In September 2016, Wells Fargo CEO John Stumpf testified before Congress, acknowledged wrongdoing by his company, and agreed to pay $185 million in penalties for fraudulent actions taken by over 5,000 of his employees. This debacle came to mind recently upon reading a 1975 research paper published in the Academy of Management Journal, On the Folly of Rewarding A, While Hoping for B. This paper describes the commonplace problem of rewards systems that are not aligned with desired outcomes and the detrimental results that may ensue. It touches on the fallibility of human decision-making and the assumptions (instead of quality data) that often drive decision-making. At some point, Wells Fargo management made really bad decisions: they incentivized employees to make decisions that harmed customers, the company, and ultimately, themselves.
Consider your rewards and incentives systems. What data drive decision-making? Do they align with desired outcomes? Do you track and monitor them to verify they achieve desired goals?
An October 2016 article in the Harvard Business Review discusses how workplace decisions made by all employees, even highly skilled professionals, are often driven by “noise” (irrelevant factors like personal attitudes, comfort, and work atmosphere). This results in inconsistent decision-making that is not based on objective factors or data, and the highly variable results are costly to all employers. The variance is so great and costly, the article asserts, that human judgment should be supported by or even replaced by algorithms. Research shows that data-driven processing yields better results due to consistent, fact-based decisions free of human irrationality. Such an approach is likely not possible for organizations that lack the budget and mathematical expertise to develop such algorithms. Happily, the Harvard Business Review offers several low-tech interventions that organizations of every size can implement to improve decision-making, including:
- Checklists to guide decision-makers
- Group discussion to explore varying perspectives
Consider decision-making in your organization. Are decision-makers subject to any sort of evaluation or group discussion? How do you know that decisions are consistently made based on facts? Do you offer any tools, training or other supports for decision-makers? Is it safe for them to seek help?

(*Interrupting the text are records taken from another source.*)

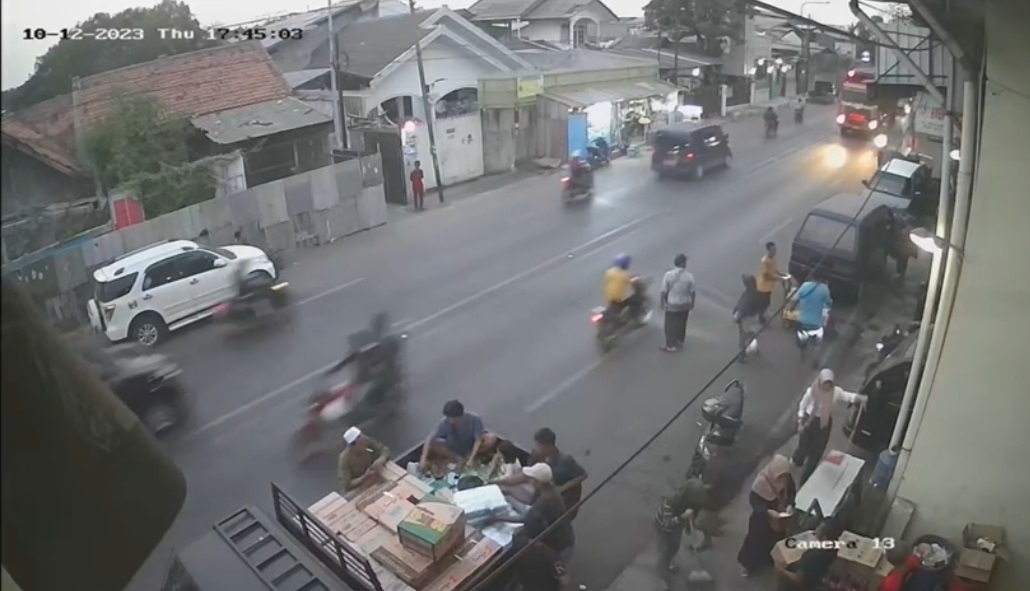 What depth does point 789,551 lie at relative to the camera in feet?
14.1

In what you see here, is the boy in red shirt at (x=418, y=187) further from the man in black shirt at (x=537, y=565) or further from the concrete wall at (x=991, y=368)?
the concrete wall at (x=991, y=368)

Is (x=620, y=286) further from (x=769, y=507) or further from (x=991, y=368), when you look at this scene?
(x=991, y=368)

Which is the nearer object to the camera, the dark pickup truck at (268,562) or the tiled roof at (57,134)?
the dark pickup truck at (268,562)

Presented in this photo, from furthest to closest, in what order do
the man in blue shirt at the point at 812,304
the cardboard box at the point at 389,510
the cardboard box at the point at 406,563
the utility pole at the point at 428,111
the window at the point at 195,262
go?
the utility pole at the point at 428,111
the window at the point at 195,262
the man in blue shirt at the point at 812,304
the cardboard box at the point at 389,510
the cardboard box at the point at 406,563

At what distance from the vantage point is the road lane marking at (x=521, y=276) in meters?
8.81

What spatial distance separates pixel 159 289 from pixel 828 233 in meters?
7.04

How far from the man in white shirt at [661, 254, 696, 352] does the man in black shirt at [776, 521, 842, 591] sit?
340 centimetres

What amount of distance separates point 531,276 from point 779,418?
4.14 metres

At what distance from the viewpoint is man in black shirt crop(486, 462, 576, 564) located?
14.0ft

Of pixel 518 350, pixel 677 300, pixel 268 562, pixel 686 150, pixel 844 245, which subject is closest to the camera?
pixel 268 562

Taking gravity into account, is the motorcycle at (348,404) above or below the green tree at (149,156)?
below

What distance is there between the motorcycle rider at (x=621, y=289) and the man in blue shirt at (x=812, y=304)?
5.19 ft

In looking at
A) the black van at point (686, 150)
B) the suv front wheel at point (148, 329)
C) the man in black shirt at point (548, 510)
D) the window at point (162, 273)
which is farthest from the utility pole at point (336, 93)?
the man in black shirt at point (548, 510)

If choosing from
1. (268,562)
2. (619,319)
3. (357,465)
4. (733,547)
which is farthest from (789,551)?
(619,319) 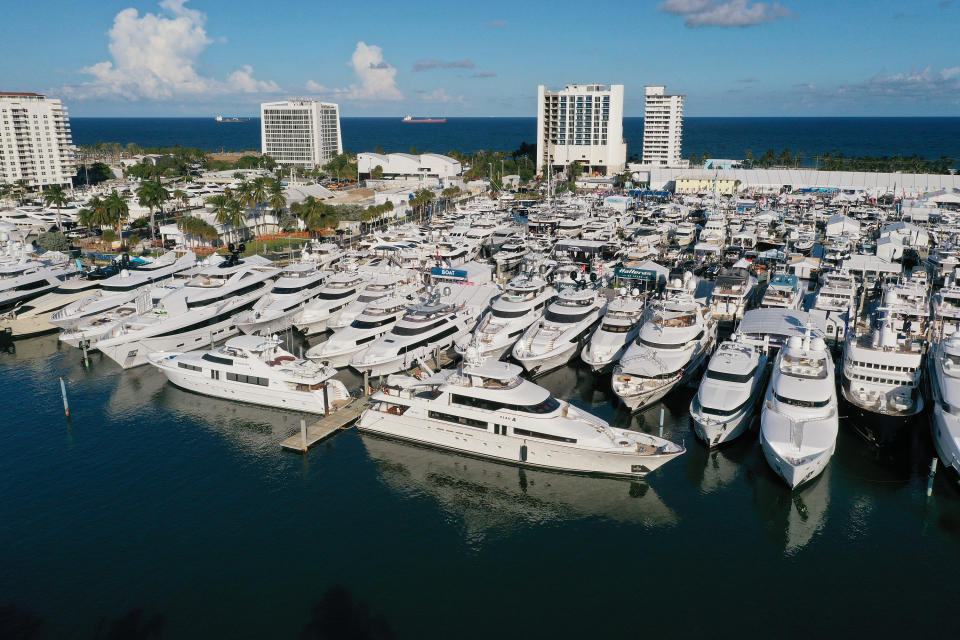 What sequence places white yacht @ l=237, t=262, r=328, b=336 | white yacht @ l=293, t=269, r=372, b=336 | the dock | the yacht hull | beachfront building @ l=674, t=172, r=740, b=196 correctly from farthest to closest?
A: beachfront building @ l=674, t=172, r=740, b=196, white yacht @ l=293, t=269, r=372, b=336, white yacht @ l=237, t=262, r=328, b=336, the dock, the yacht hull

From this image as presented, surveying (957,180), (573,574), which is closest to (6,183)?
(573,574)

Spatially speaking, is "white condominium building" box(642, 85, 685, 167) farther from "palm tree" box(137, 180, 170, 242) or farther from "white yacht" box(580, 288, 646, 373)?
"white yacht" box(580, 288, 646, 373)

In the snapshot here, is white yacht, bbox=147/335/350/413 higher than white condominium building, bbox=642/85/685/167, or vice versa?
white condominium building, bbox=642/85/685/167

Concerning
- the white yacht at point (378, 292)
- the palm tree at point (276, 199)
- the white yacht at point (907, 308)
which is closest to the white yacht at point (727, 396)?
the white yacht at point (907, 308)

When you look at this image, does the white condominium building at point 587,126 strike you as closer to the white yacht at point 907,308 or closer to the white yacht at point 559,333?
the white yacht at point 907,308

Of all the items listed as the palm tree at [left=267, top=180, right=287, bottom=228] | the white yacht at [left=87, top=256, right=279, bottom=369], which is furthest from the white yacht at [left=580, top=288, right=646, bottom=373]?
the palm tree at [left=267, top=180, right=287, bottom=228]

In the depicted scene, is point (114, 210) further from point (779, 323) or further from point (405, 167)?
point (405, 167)

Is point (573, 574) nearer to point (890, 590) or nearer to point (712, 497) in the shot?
point (712, 497)
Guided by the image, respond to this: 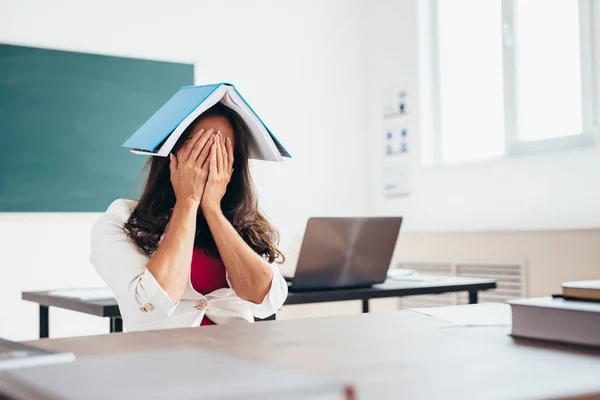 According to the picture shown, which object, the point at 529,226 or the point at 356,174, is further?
the point at 356,174

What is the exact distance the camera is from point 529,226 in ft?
11.8

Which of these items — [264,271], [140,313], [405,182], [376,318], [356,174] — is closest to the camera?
[376,318]

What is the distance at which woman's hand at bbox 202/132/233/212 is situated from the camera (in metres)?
1.62

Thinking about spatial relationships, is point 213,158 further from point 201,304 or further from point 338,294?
point 338,294

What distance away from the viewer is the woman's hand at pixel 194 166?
1610 mm

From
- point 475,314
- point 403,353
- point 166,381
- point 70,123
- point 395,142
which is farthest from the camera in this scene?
point 395,142

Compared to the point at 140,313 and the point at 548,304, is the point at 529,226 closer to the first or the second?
the point at 140,313

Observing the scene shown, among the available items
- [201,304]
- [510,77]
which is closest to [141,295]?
[201,304]

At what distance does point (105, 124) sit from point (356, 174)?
1.68m

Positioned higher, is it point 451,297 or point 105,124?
point 105,124

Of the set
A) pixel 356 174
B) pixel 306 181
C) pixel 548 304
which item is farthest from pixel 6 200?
pixel 548 304

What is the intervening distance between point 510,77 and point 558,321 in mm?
3182

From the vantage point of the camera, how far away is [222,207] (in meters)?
1.77

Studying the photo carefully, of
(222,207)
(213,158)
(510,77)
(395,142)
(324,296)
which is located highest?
(510,77) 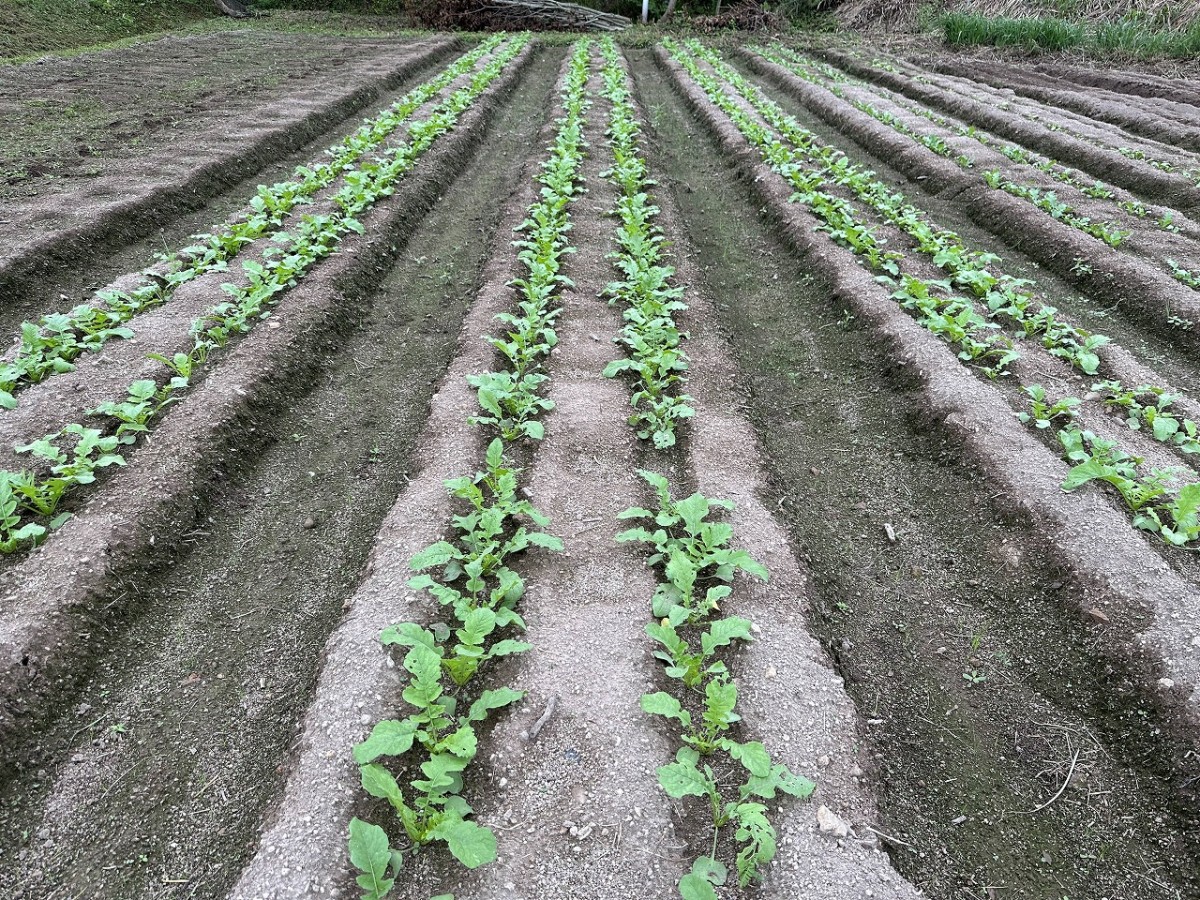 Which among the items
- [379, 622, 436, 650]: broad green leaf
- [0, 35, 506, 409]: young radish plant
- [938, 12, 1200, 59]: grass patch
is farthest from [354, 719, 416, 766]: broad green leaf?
[938, 12, 1200, 59]: grass patch

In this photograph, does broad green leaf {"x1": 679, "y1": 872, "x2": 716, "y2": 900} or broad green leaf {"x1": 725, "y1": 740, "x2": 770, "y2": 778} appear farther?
broad green leaf {"x1": 725, "y1": 740, "x2": 770, "y2": 778}

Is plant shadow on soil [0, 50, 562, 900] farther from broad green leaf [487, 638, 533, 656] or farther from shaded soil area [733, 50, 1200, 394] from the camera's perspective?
shaded soil area [733, 50, 1200, 394]

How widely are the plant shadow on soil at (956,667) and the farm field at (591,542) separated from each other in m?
0.02

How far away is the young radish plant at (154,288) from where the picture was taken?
5074 mm

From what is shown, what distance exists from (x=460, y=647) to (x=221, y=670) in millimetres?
1385

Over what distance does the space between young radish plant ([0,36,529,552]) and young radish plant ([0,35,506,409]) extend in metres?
0.40

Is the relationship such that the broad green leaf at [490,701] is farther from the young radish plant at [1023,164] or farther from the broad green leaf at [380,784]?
the young radish plant at [1023,164]

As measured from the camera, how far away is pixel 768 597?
3.61m

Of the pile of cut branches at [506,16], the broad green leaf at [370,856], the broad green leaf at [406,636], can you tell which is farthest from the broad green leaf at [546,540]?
the pile of cut branches at [506,16]

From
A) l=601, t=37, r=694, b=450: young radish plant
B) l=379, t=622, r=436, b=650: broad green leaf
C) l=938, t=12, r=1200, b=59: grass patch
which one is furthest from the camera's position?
l=938, t=12, r=1200, b=59: grass patch

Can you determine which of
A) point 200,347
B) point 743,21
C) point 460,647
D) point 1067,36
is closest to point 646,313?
point 200,347

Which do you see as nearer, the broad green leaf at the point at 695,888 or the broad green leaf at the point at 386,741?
the broad green leaf at the point at 695,888

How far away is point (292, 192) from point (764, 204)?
19.8 feet

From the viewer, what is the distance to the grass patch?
18.0 meters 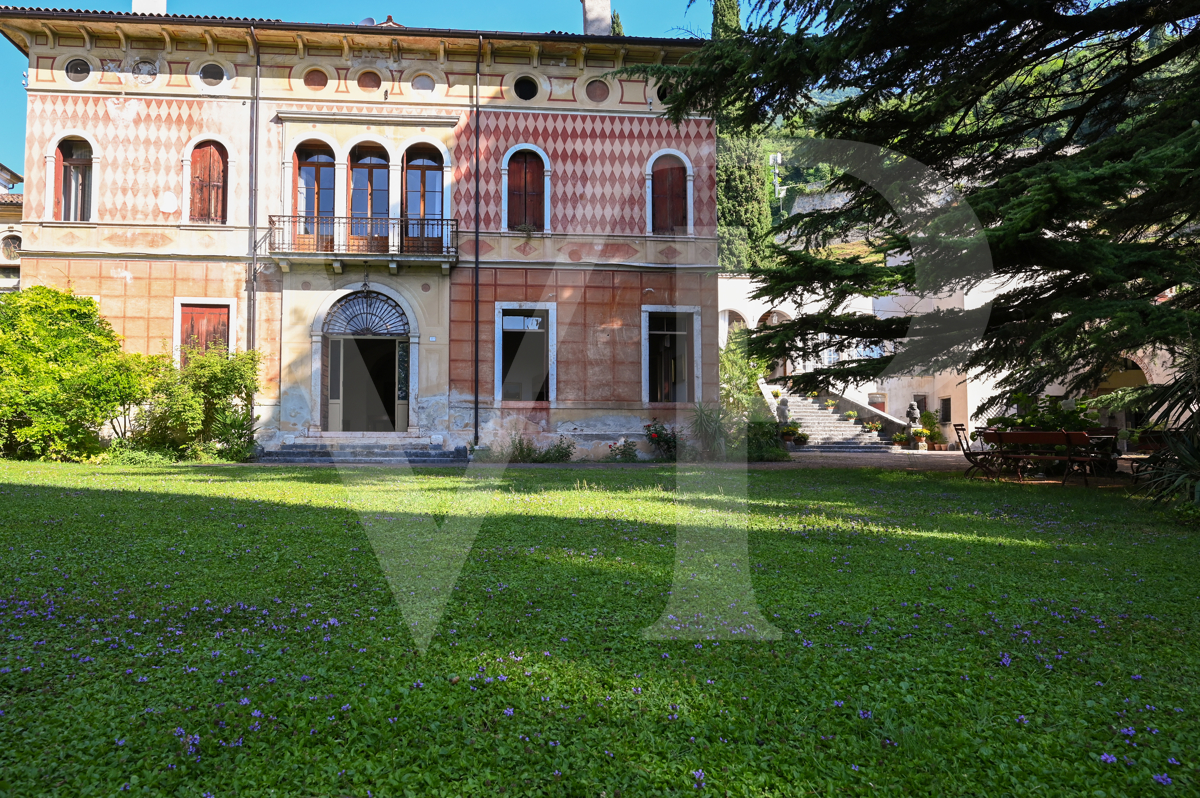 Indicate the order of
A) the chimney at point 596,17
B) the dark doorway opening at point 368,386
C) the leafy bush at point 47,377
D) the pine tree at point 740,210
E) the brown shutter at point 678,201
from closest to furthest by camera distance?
the leafy bush at point 47,377 → the brown shutter at point 678,201 → the dark doorway opening at point 368,386 → the chimney at point 596,17 → the pine tree at point 740,210

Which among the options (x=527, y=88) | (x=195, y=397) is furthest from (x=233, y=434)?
(x=527, y=88)

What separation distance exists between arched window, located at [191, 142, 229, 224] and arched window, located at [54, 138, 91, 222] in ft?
8.08

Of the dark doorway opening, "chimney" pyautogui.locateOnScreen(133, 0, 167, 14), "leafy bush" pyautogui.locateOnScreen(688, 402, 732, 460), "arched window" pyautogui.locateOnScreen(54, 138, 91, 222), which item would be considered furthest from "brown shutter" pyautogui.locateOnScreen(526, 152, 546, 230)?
"arched window" pyautogui.locateOnScreen(54, 138, 91, 222)

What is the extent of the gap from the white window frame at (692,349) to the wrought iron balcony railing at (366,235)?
4.82m

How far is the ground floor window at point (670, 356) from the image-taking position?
61.1 ft

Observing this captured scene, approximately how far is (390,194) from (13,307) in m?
7.85

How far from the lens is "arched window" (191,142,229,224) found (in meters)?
17.5

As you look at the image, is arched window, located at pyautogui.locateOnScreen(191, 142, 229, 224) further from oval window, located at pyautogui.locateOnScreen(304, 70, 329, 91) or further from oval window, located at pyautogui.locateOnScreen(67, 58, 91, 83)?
oval window, located at pyautogui.locateOnScreen(67, 58, 91, 83)

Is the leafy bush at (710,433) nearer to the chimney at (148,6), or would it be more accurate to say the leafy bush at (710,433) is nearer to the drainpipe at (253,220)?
the drainpipe at (253,220)

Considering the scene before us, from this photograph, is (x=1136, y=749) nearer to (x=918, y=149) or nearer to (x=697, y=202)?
(x=918, y=149)

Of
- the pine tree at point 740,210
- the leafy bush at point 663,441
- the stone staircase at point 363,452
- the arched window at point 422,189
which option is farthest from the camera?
the pine tree at point 740,210

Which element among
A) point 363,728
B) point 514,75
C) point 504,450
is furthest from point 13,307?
point 363,728

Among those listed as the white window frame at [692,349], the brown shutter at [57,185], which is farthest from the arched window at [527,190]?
the brown shutter at [57,185]

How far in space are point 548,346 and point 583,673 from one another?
15172mm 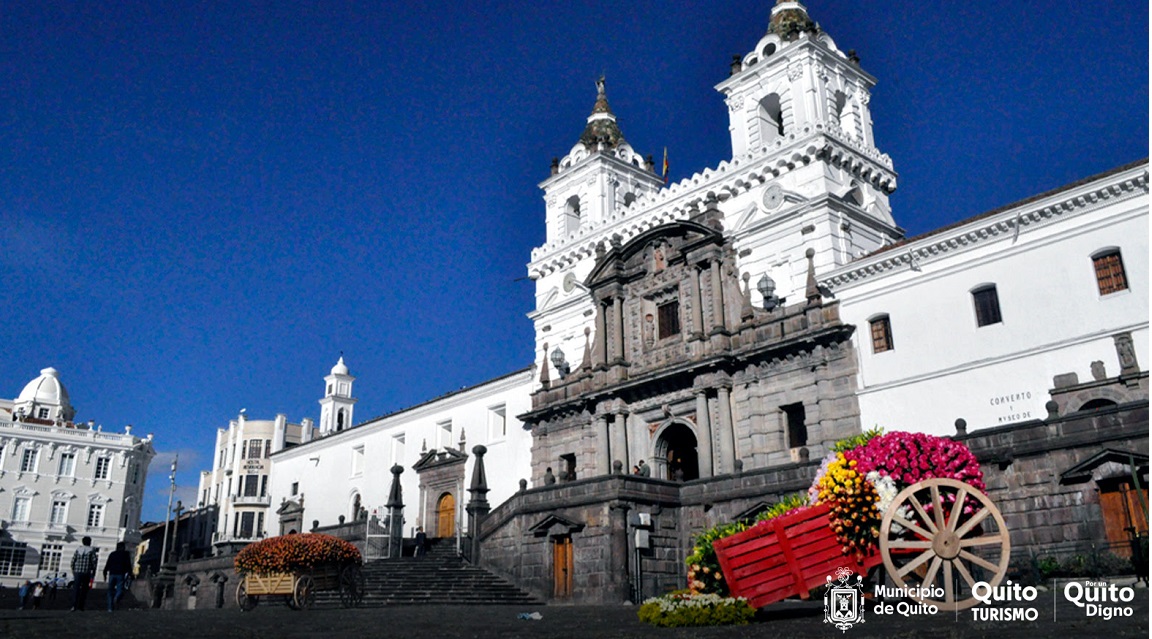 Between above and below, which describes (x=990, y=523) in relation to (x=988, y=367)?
below

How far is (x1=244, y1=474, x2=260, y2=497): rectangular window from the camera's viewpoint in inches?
2477

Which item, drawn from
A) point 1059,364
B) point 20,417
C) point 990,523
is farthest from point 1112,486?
point 20,417

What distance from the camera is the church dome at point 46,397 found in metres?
72.3

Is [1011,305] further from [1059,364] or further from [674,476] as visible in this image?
[674,476]

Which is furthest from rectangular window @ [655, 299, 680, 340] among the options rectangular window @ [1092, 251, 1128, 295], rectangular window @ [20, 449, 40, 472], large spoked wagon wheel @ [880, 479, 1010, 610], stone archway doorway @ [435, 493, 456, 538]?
rectangular window @ [20, 449, 40, 472]

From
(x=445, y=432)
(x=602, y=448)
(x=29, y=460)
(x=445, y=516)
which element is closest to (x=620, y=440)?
(x=602, y=448)

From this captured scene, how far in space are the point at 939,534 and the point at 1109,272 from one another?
50.5ft

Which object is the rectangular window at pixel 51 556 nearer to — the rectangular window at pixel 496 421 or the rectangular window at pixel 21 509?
the rectangular window at pixel 21 509

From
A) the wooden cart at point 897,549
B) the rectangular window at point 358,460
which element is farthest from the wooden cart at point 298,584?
the rectangular window at point 358,460

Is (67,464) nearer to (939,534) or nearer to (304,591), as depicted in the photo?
(304,591)

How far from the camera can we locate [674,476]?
31.5 m

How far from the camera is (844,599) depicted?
10.7m

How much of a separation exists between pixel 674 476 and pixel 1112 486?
615 inches

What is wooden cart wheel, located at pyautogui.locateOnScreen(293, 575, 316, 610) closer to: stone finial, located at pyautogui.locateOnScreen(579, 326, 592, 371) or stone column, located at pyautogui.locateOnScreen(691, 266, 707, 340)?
stone column, located at pyautogui.locateOnScreen(691, 266, 707, 340) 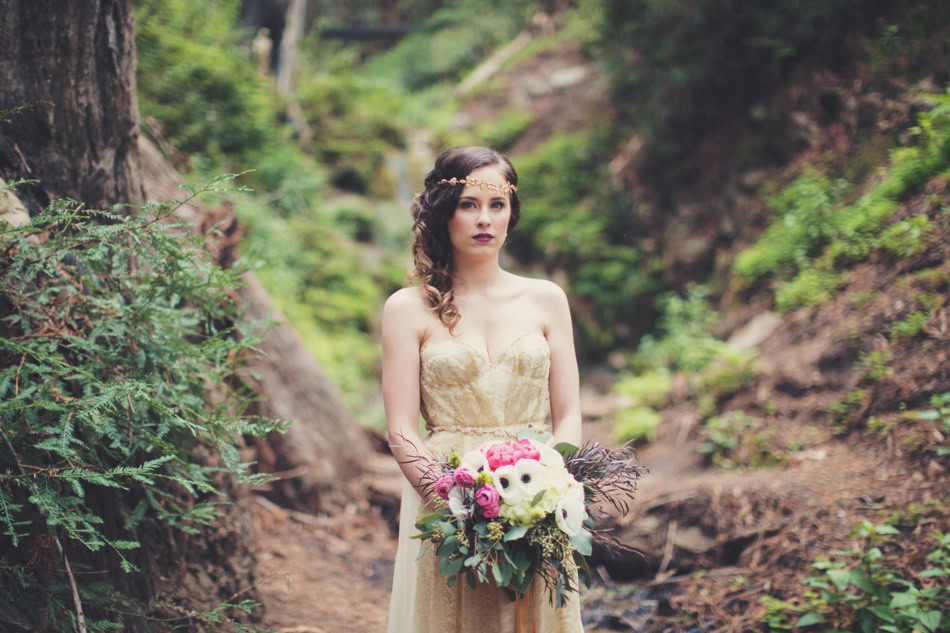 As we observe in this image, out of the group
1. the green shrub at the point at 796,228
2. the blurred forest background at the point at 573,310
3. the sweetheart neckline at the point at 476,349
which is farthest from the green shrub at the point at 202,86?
the green shrub at the point at 796,228

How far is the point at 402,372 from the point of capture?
2.52 m

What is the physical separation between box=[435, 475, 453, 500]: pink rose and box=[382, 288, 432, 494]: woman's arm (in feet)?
1.02

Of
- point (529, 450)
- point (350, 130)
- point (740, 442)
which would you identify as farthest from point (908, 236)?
point (350, 130)

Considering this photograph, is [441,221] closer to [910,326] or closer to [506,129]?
[910,326]

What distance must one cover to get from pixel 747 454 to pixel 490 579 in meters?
3.54

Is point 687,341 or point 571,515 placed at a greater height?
point 687,341

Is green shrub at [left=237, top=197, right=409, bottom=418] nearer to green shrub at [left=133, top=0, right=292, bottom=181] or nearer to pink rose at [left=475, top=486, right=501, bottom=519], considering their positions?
green shrub at [left=133, top=0, right=292, bottom=181]

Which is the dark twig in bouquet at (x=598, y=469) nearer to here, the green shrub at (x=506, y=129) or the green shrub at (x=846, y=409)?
the green shrub at (x=846, y=409)

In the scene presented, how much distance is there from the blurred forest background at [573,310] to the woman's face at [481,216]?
1.04 meters

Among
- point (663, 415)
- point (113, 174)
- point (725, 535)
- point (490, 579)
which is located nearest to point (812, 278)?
point (663, 415)

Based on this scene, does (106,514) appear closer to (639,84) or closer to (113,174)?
(113,174)

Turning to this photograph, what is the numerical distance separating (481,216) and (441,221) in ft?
0.68

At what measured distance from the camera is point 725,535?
410cm

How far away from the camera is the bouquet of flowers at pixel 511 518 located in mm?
2004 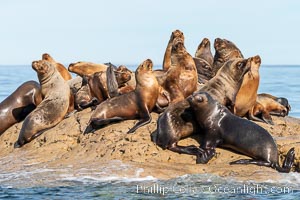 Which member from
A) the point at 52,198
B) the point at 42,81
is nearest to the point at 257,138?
the point at 52,198

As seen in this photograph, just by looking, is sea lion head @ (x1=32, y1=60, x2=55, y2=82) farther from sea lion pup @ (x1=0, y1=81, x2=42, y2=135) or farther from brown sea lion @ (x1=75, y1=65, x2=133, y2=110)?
brown sea lion @ (x1=75, y1=65, x2=133, y2=110)

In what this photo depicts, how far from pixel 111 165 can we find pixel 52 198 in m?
1.28

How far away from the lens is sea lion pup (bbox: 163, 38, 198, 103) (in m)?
11.1

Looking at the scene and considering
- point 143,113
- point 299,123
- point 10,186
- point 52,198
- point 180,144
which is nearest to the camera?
point 52,198

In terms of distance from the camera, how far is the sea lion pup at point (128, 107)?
412 inches

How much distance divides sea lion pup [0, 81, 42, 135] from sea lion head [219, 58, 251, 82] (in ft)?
10.3

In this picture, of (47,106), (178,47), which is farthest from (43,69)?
(178,47)

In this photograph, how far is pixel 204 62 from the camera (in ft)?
43.2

What would happen if group discussion on decision-making did take place in your organization? Almost certainly, there would be disagreement, debate and discomfort, especially when junior employees contradicted their senior colleagues. Clearly, a workplace culture of open communication and psychological “safety” would be necessary for a group discussion to achieve maximum effectiveness.
Is it safe for employees at every level of your organization to challenge processes and practices? If not, why? Who are the gatekeepers, and why are they not open to dialog? What is the potential cost to not allowing open communication?